Normalization
Normalization
theory is built the concept of normal forms. Normalizations reduces redundancy.
Redundancy is unnecessary repetition of data. It can cause problems with
storage and retrieval of data. During the process of normalization, dependencies
can be identified, which can cause problems during deletion and updation.
Normalization theory is based on the fundamental notation of functional
dependency. Normalization helps in simplifying the structure of tables.
Suppose for an entity customer if attributes like cunno,
name, address are required, then it can be perceived that for a particular
cusno, only one name and address is possible. Hence the attribute name, address
are said to be functionally dependent on the attribute cusno. There are four
levels of normalization.
Need of Normalization
Normalization is the aim of well design Relational Database
Management System (RDBMS). It is step by step set of rules by which data is put
in its simplest forms. We normalize the relational database management system because
of the following reasons:
Minimize data redundancy i.e. no unnecessarily duplication
of data.
To make database structure flexible i.e. it should be
possible to add new data values and rows without reorganizing the database
structure.
Data should be consistent throughout the database i.e. it
should not suffer from following anomalies.

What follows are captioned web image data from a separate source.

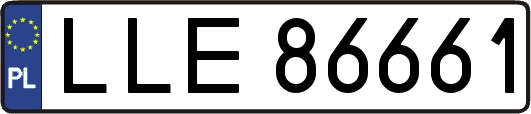 LLE86661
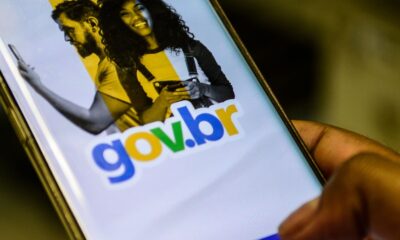 MGI Orienta Usuários a Adotarem Verificação em Duas Etapas no Gov.br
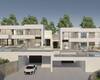 Semi-detached Villas a Prime Location in Alicante Spain 1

Insert Anomaly - Due to lack of data i.e., all the data
available for insertion such that null values in keys should be avoided. This
kind of anomaly can seriously damage a database
Update Anomaly - It is due to data redundancy i.e. multiple
occurrences of same values in a column. This can lead to inefficiency.
Deletion Anomaly - It leads to loss of data for rows that
are not stored else where. It could result in loss of vital data.
Complex queries required by the user should be easy to
handle.
On decomposition of a relation into smaller relations with
fewer attributes on normalization the resulting relations whenever joined must
result in the same relation without any extra rows. The join operations can be
performed in any order. This is known as Lossless Join decomposition.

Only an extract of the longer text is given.